As Hurricane Milton buries the needle on our current hurricane severity scale, no exchange on the internet better sums up the way we got to this devasting new reality than the one on Travis Herzog’s Facebook page. The veteran meteorologist at ABC13 in Houston felt the need to address accusations that Milton was the result of a weather control machine, an idea pushed by several elected Republican leaders.
“Hurricane Milton’s wind field is currently releasing 23 terajoules of energy,” it reads. “How much energy is that? It’s more than the entire energy consumed by all of mankind every second across the globe. It’s equivalent to releasing all the energy from the atomic bomb dropped on Hiroshima every 3 seconds. And that’s just the energy from the wind! The heat energy released every second by a hurricane is roughly 4 times the amount of the wind energy! We can’t control something with this much energy, and we certainly can’t create something with this much energy.”
Herzog is wrong about one thing: we can create it, and we did.
Climate scientists for decades have been warning the Gulf Coast states that warming seas could and would lead to more intense Atlantic cyclones. The Gulf of Mexico is nearly two degrees Celsius warmer than it has historically been. That warmth has helped make this hurricane season unusually active and, in Milton’s case, extremely brutal.
There is zero argument among climate scientists that the Earth is warming and humanity’s pollution is the main culprit. Even events like Winter Storm Uri, which crippled the Texas electrical grid and left the Lone Star State in a frozen hell for nearly a week, have their source in how climate change disrupts the polar vortex. Less powerful vortex means more cold snaps further south.

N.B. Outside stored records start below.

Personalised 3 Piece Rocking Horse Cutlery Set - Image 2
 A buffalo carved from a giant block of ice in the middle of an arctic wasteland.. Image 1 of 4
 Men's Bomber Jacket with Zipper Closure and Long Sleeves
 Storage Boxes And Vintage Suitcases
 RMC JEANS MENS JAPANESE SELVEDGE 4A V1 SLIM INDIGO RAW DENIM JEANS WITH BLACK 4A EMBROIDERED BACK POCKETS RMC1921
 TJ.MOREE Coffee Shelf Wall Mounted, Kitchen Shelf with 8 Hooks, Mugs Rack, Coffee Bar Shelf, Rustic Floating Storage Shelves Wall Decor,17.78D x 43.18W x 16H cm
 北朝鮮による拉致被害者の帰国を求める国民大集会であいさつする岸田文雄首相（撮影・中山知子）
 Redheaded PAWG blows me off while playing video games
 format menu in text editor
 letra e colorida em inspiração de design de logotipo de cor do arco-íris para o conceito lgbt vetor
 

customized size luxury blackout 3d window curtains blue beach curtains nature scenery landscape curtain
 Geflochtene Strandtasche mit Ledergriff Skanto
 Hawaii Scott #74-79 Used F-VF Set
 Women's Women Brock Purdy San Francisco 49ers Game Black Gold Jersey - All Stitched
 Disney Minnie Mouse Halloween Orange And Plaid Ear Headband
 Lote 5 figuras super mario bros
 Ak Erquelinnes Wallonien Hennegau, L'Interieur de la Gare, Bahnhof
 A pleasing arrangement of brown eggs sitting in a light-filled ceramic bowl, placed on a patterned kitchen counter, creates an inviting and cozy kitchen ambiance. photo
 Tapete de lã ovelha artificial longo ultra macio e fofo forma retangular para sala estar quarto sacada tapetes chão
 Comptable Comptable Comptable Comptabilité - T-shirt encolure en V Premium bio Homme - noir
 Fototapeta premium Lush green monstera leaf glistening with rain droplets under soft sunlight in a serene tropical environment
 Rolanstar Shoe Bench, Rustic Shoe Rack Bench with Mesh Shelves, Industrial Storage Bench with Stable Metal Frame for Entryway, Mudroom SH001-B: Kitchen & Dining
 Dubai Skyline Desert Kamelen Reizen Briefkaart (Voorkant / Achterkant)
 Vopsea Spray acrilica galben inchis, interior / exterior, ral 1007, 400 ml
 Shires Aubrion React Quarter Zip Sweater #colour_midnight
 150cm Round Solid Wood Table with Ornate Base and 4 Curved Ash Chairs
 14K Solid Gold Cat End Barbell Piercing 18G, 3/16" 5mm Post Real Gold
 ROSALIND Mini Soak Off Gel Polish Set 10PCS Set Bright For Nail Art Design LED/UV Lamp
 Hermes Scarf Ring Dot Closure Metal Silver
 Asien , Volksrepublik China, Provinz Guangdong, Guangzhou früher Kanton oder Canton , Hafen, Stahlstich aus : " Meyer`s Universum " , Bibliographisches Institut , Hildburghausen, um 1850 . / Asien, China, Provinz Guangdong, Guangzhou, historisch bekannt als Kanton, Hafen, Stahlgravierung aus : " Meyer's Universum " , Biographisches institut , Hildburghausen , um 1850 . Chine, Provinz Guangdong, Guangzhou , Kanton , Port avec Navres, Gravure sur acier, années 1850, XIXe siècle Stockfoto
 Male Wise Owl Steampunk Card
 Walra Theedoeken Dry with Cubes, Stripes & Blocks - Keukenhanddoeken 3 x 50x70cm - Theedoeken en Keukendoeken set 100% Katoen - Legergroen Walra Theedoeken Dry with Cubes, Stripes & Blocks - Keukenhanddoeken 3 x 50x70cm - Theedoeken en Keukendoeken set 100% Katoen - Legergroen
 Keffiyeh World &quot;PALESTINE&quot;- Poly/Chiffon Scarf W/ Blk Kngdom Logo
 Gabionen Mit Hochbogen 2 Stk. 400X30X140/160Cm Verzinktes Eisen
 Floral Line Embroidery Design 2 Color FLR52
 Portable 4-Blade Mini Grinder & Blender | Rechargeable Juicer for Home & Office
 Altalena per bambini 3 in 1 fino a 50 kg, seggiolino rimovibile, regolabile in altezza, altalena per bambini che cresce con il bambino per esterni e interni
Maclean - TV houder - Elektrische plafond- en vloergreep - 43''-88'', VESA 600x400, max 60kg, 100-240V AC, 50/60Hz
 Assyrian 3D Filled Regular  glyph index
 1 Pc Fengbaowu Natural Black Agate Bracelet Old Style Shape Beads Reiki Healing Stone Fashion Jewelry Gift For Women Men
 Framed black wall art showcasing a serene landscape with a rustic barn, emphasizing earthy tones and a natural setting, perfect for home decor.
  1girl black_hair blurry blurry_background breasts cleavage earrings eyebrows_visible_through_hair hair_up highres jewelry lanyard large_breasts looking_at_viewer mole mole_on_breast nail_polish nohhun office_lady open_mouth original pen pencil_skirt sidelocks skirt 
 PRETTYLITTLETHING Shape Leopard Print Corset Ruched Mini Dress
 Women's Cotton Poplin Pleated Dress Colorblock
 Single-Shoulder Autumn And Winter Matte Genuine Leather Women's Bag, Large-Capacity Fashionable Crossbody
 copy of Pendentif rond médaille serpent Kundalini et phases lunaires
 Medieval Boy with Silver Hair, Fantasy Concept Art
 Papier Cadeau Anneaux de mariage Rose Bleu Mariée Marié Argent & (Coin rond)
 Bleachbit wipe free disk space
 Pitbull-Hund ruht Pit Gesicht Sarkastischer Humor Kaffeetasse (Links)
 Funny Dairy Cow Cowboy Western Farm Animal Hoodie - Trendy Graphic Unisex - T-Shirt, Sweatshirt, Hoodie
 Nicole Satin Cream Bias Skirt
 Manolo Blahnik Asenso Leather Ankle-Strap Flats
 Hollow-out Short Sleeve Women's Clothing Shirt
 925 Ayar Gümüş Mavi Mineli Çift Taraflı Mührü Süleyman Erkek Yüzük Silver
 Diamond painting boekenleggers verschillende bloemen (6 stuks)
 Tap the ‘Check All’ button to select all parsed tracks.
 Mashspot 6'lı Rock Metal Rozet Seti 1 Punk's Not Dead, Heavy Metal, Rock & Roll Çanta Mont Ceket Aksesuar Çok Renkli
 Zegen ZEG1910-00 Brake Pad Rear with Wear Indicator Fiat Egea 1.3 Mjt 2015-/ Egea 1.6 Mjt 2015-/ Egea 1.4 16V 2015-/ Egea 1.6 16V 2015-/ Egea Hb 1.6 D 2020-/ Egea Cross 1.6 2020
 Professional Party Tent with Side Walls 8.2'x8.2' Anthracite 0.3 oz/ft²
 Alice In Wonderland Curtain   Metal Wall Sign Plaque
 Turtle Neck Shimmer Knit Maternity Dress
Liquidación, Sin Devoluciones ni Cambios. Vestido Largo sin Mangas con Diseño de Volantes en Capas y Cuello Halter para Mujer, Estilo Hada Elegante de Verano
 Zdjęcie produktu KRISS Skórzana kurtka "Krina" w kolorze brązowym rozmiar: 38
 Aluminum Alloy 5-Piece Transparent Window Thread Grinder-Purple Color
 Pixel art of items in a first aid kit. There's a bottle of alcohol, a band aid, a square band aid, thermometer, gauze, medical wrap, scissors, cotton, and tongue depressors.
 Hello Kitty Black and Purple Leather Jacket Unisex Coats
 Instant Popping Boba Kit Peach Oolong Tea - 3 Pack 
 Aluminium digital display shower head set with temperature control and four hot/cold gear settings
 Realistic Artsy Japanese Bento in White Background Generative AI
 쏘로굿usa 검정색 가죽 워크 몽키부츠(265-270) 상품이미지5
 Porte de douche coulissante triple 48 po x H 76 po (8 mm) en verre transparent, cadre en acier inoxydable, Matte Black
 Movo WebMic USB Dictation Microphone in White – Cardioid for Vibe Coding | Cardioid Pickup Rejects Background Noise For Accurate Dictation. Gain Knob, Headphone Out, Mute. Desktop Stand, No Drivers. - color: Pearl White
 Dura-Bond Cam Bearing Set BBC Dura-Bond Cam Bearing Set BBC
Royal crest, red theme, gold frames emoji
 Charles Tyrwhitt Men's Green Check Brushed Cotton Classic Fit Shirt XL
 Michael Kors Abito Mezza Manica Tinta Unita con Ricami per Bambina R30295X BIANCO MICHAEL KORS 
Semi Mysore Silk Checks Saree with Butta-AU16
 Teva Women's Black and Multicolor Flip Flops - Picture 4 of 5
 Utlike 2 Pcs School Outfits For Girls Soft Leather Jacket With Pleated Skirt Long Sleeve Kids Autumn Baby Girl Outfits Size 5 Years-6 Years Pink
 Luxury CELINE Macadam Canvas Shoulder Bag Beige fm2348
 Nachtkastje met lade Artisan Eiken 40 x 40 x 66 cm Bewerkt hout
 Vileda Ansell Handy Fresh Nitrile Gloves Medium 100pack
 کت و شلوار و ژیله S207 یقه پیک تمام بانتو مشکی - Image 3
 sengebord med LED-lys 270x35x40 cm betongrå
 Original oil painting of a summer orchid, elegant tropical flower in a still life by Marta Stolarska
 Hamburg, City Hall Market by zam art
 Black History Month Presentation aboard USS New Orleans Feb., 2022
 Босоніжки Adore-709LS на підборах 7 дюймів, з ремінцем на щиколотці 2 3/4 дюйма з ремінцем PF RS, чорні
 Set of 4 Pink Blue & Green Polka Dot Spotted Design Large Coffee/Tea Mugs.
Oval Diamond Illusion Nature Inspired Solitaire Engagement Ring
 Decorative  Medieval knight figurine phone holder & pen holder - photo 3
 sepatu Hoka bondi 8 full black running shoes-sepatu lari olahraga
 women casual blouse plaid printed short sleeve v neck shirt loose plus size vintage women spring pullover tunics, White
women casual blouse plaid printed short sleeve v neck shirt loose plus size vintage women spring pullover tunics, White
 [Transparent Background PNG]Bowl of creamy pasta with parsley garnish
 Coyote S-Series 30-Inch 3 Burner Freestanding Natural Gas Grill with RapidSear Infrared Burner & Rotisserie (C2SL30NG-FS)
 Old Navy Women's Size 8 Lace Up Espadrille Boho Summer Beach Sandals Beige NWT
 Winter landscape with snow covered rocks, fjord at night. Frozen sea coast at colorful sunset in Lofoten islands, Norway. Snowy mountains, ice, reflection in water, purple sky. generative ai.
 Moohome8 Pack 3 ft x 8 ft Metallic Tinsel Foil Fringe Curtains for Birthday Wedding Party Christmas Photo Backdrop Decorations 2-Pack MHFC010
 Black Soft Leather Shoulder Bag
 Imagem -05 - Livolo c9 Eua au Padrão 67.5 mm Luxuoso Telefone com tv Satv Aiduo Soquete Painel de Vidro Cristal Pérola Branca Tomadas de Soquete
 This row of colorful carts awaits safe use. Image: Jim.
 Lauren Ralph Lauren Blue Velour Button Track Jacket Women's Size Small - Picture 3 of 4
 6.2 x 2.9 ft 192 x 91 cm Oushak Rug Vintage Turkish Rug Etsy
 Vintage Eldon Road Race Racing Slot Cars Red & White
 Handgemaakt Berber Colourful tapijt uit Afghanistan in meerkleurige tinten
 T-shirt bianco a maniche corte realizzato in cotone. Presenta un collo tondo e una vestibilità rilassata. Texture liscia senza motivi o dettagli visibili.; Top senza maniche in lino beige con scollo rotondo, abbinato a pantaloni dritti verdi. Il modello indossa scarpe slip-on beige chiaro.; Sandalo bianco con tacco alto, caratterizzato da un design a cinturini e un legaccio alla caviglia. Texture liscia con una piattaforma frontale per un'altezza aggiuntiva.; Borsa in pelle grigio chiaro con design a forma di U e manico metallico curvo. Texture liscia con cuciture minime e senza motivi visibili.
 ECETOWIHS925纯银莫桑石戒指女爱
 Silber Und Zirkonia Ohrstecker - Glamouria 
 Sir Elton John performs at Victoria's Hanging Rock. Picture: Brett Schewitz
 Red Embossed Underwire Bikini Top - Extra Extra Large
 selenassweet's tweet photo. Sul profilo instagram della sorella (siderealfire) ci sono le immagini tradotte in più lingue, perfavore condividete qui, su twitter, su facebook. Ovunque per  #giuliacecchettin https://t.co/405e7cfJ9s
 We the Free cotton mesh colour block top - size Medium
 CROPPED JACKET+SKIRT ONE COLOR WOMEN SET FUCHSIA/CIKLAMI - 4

Milton is also the perfect example of a recent phenomenon: the rapid increase in intensity. Over the past two decades, Atlantic storms have gotten much more powerful very fast, lessening the predictability. In 2023, Otis went from a tropical storm to a category five hurricane in less than 36 hours.
Climate change denial remains a large part of mainstream Republican politics. Current GOP nominee Donald Trump has gone on record calling it a hoax and dismissing disasters like California wildfires with half-baked conspiracy theories. His running mate, Sen. J. D. Vance, would not admit that manmade climate change is real during his debate with Gov. Tim Walz.
In Texas, Sen. Ted Cruz said that carbon emissions actually made the planet greener in 2015, and later voted against President Joe Biden’s massive environmental protection package. Meanwhile, Governor Greg Abbott has waged a bizarre war on the finances of companies that put money into renewable energy, claiming that it discriminates against oil and gas companies.
As Republican leadership continues to downplay the severity and cause of climate change, their constituents turn to fantasies like weather rays to explain why something like Milton happens. It’s an escapism enabled by their leaders refusing to address a slow motion apocalypse that is devastating entire states this week.
Meteorologists like Herzog can explain all they want, but until there is a shared reality from America’s political leadership, the bill of climate change is going to keep coming due as it is in Florida right now.